**About this task:**
In the records below, please retype word for word every line from the one containing "2393 Crawford Court - Photo Thumbnail 17" through the final one, both included, and nothing else.

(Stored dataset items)
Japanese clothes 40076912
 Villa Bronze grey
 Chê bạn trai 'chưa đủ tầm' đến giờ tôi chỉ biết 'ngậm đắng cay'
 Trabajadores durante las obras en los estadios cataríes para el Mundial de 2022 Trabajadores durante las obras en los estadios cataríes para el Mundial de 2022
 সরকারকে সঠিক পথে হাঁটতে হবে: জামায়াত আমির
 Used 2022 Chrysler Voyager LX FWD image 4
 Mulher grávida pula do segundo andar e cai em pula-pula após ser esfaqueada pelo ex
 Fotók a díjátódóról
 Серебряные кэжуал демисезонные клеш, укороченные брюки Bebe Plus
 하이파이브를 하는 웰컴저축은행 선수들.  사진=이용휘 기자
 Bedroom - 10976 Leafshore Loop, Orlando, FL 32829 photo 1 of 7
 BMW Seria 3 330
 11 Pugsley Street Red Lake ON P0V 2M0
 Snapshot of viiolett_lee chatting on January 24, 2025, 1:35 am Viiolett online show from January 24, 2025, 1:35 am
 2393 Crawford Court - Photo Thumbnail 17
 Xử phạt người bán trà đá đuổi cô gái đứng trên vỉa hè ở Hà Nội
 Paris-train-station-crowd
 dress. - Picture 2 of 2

**Answer to this problem:**
 2393 Crawford Court - Photo Thumbnail 17
 Xử phạt người bán trà đá đuổi cô gái đứng trên vỉa hè ở Hà Nội
 Paris-train-station-crowd
 dress. - Picture 2 of 2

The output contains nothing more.